4 Possible Reasons Why Nodes Cannot Start

  1. Port is occupied. If you find in the log file an error message "Failed to bind the socket on XXXX" where XXXX is the port number on the node to be started, it means this port may be occupied by another program. Close the other program or reassign a port number and then restart the node. It may also be that this node has just been closed and the Linux kernel has not released this port number. Just wait about 30 seconds and then restart the node.

  2. Port is blocked by firewall. If the ports used are blocked, we need to open them in the firewall.

  3. Incorrect IP address, port number or node alias in the configuration files.

  4. If the cluster is deployed on cloud or k8s, we need to add a configuration parameter lanCluster=0 in agent.cfg and cluster.cfg.

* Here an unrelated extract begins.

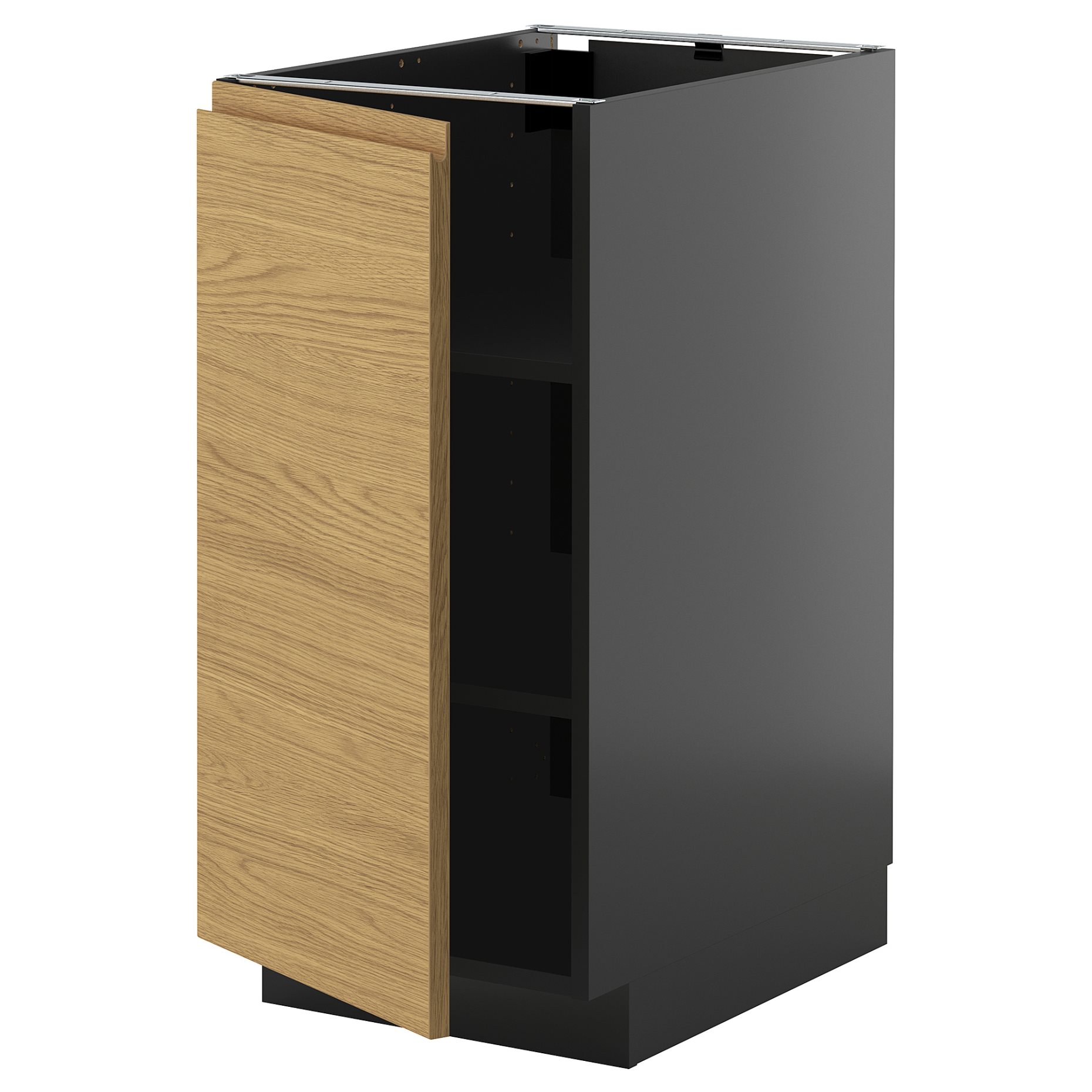 BILLY/OXBERG, base cabinet with shelves, 40x60 cm, 195.884.15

  5. The first line in the configuration file for cluster nodes (cluster.nodes) is empty. If you find in the log file an error message "Failed to load the nodes file [XXXX/cluster.nodes] with error: The input file is empty.", it means the first line in the file cluster.nodes is empty. In this case just remove the empty line from the file and restart the node.

  6. The macro variable has no effect when the node is specified explicitly. In cluster.cfg, if the macro variable is used when a node is specified, e.g., P1-NODE1.persistenceDir = /hdd/hdd1/streamCache/, the node will not start properly. In this case just remove and replace it with a specific node alias, e.g., P1-NODE1.persistenceDir = /hdd/hdd1/streamCache/P1-NODE1. To use macro variables for all nodes, specify persistenceDir = /hdd/hdd1/streamCache/. For more information about how to use the macro variable, see DolphinDB user guide.

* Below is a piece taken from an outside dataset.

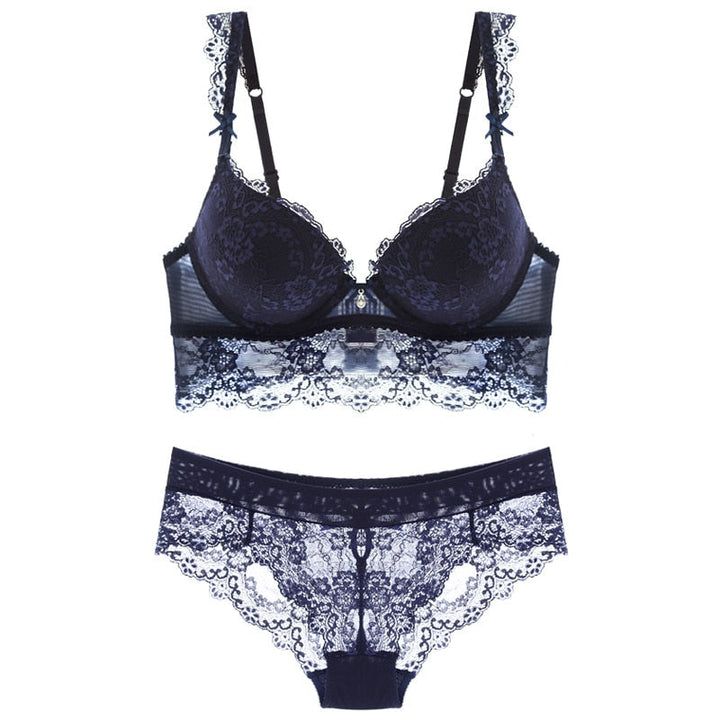 Lingerie en dentelle ajustable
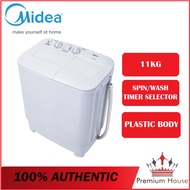 MIDEA SEMI AUTO WASHING MACHINE (11KG) MSW-1108P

5. Web-based Cluster Management

We can change cluster configuration and add/delete data nodes on the web-based cluster manager.

5.1. Controller node configuration

Clicking on the button "Controller Config" will open up a control interface, where "localExectors", "maxConnections", "maxMemSize", "webWorkerNum" and "workerNum" were specified when we created controller.cfg in 3.1.1. These configuration parameters can be modified, and will take effect after the controller node is restarted.

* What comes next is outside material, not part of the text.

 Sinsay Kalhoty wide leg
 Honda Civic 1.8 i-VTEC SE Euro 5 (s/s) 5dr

Please note that to modify the configuration parameter localSite, the parameter controllerSite in each agent.cfg should also be changed, otherwise the cluster will not run properly.

5.2. Add/delete data nodes

Click on the button "Nodes Setup" to enter the cluster nodes configuration interface. The figure below shows the parameters in cluster.nodes that we created in 3.1.2. We can add or delete data nodes here. The new configuration will take effect after the entire cluster is restarted. The steps to restart the cluster include: (1) close all data nodes (2) close the controller, (3) start the controller, and (4) start the data nodes. Deleting a data node may result in loss of data that were saved on the node.

If the new data node is on a new physical server, we must configure and start an agent node as in 3.2 on the new physical server, revise cluster.nodes with the information about the new agent node and new data node, and restart the controller node.

5.3. Modify data node configuration

Click on the button "Nodes Config" to configure the data nodes. This figure below displays parameters we specified in cluster.cfg in 3.1.3. We can also add other parameters to be configured here. They will take effect after all the data nodes are restarted.

For a complete list of the cluster configuration parameters and details, please refer to Chapter 10 of DolphinDB help.